表11:SQuAD和RACE的当前最佳性能
While ALBERT-xxlarge has less parameters than BERT-large and gets significantly better results, it is computationally more expensive due to its larger structure. An important next step is thus to speed up the training and inference speed of ALBERT through methods like sparse attention (Child et al., 2019) and block attention (Shen et al., 2018). An orthogonal line of research, which could provide additional representation power, includes hard example mining (Mikolov et al., 2013) and more efficient language modeling training (Yang et al., 2019). Additionally, although we have convincing evidence that sentence order prediction is a more consistently-useful learning task that leads to better language representations, we hypothesize that there could be more dimensions not yet captured by the current self-supervised training losses that could create additional representation power for the resulting representations.
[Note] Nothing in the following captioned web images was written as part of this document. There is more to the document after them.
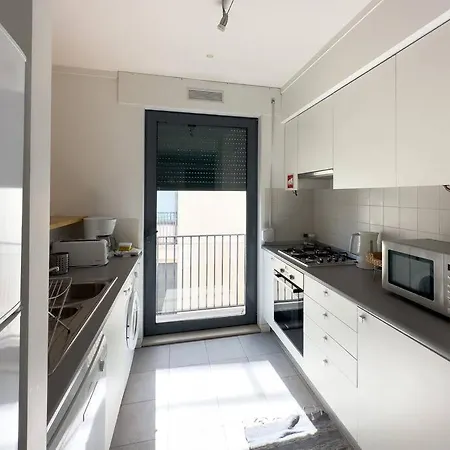 Martim Moniz Апартаменты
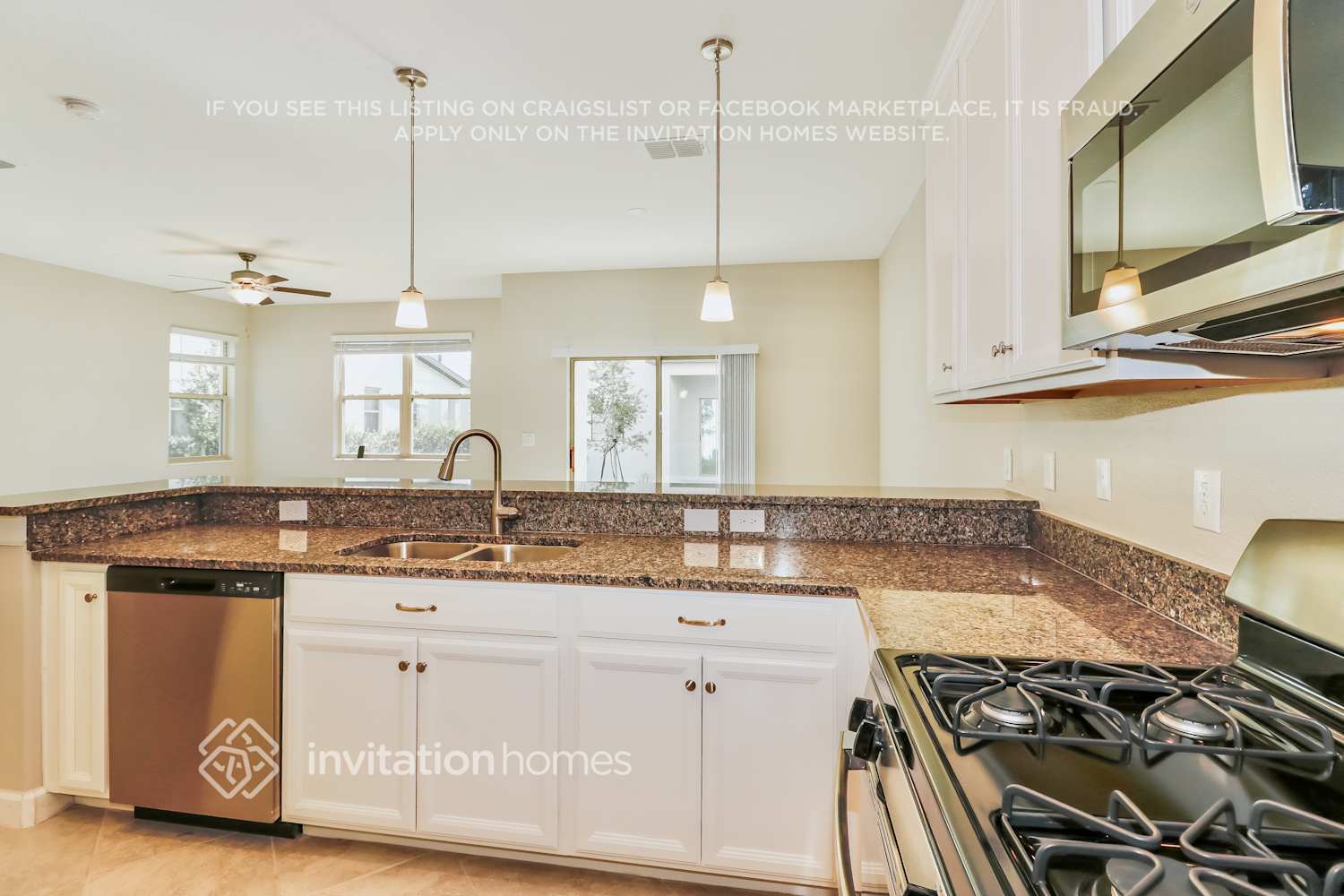 Building Photo - 2865 Coach Manors Way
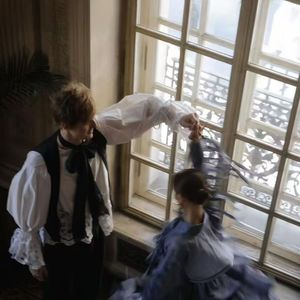 《新世纪雨幕下的弦音静语》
尽管ALBERT-xxlarge的参数比BERT-large的参数少,并且获得了明显更好的结果,但由于其较大的结构,计算量更大。 因此,重要的下一步是通过稀疏注意力(Child 2019)和block attention(Shen 2018)之类的方法来加快ALBERT的训练和推理速度。 可以提供更多表征能力的正交研究包括hard example mining(Mikolov 2013)和更有效的语言模型训练(Yang 2019)。 此外,尽管我们有令人信服的证据表明句子顺序预测是一种更一致有用的学习任务,可以带来更好的语言表示,但我们假设当前的自我监督训练损失可能还没有捕获到更多维度,这可能会产生更多的表示形式 结果表示的能力。